__DATASET EXCERPT__:
──────────────────────────────
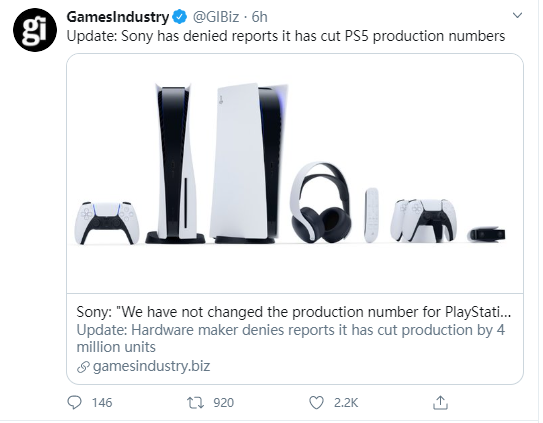 索尼|索尼否认砍掉PS5订单：没有更改过PS5产量数据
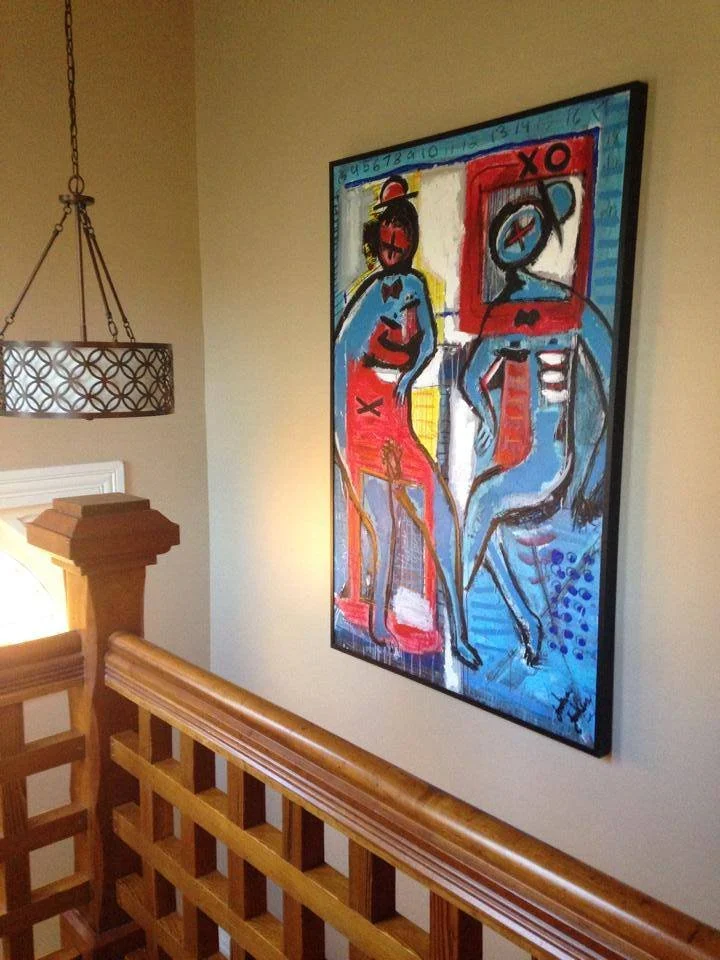 Colorful abstract painting of two figures, one holding a drink, with various medical symbols and markings.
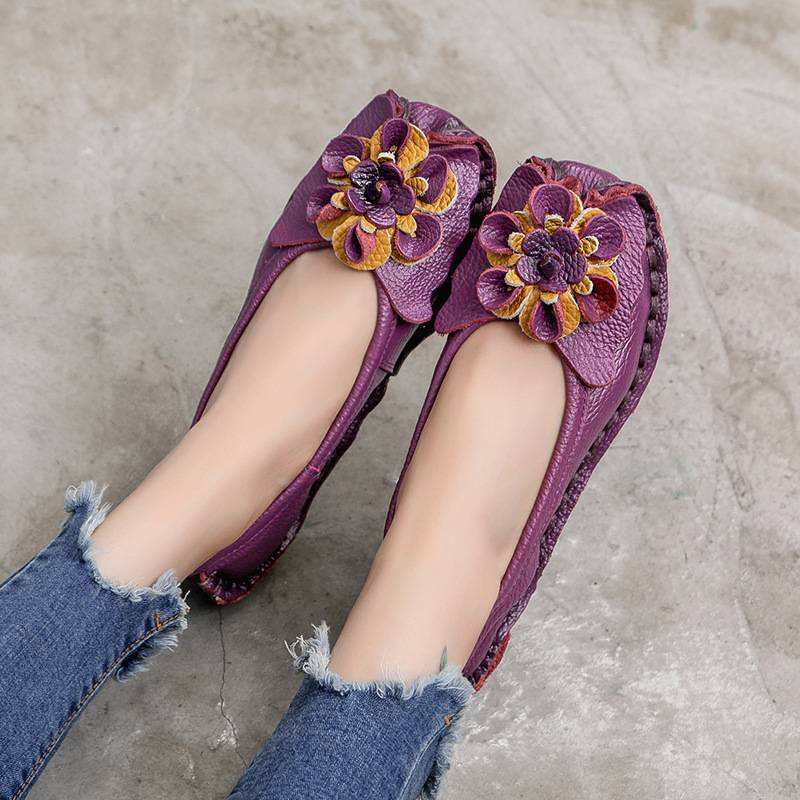 Retro personality, ethnic style, comfortable leather soft sole women's shoes, bean shoes, shallow mouth, pure handmade single shoes for women_voghion.com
──────────────────────────────
__GOAL OF THE EXERCISE__:
Reproduce the listing in full and exactly, excluding any pictures it holds.

__COMPLETED TASK__:
 索尼|索尼否认砍掉PS5订单：没有更改过PS5产量数据
 Colorful abstract painting of two figures, one holding a drink, with various medical symbols and markings.
 Retro personality, ethnic style, comfortable leather soft sole women's shoes, bean shoes, shallow mouth, pure handmade single shoes for women_voghion.com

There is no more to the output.